Bill’s global impact may have come through his powerful writings, beginning with his classic analysis of evangelical race relations, My Friend, the Enemy (Word 1968), followed by Evangelism from the Bottom Up (Zondervan 1992) and The Coming Race Wars? A Cry for Reconciliation (Zondervan 1993). These books led to numerous guest lectureships in colleges and universities, and major roles in conferences throughout the world.
Bill was the first African American to serve on the Board of Trustees of Fuller Theological Seminary (1971-74), from which he eventually resigned to join the faculty there. At Fuller he begin with an appointment to teach evangelism, also supervising the Black Pastors’ Program (to be rechristened the William E. Pannell Center for African American Studies). In 1992 he was named the Arthur DeKruyter/Christ Church Oakbrook Professor of Preaching, which post he held until 2000. During most of that period he was concurrently Dean of the Chapel (1992-1998). Today he is a Special Assistant to the President and Senior Professor of Preaching, soon to be Professor Emeritus of Preaching. Other honors at Fuller included the C. Davis Weyerhaeuser Award for Excellence in 1993.
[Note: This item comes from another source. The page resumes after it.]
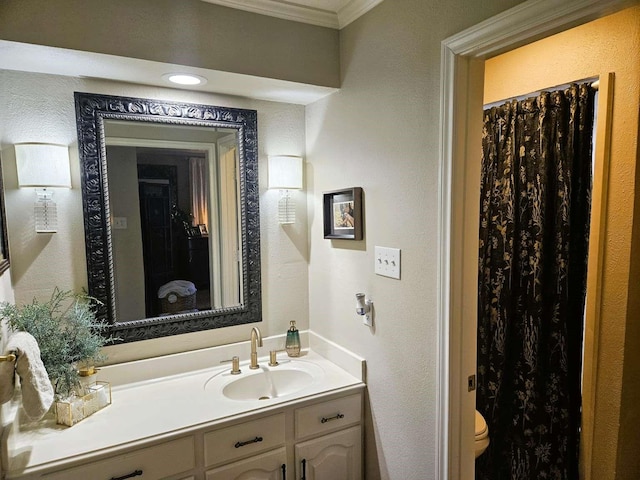 bathroom with toilet, vanity, crown molding, and a textured wall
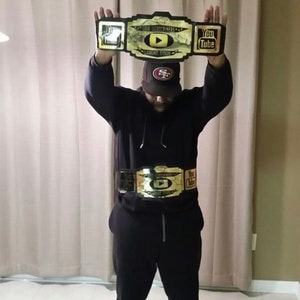 May include: A person wearing a black hoodie and black trousers is holding a gold championship belt with the words "100K Subscribers" and "YouTube" on it. The belt also has a play button icon and the words "Lamont Tyson".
Bill has also served on the boards of Youth for Christ USA, which he chaired in 1980; the Academy of Evangelism, where he was president from 1983 to 1984; Taylor University; and Sojourners/Call to Renewal.
Bill and his wife Hazel life in Altadena, CA. They have two grown sons, Philip and Peter.
Intramural teammates, opponents, and fans, who were dazzled by Bill’s athleticism on the short gym in Founders Hall or by the way he could hit a softball on what became the “South campus,” could scarcely have imagined the national arenas or global audiences Bill would have someday.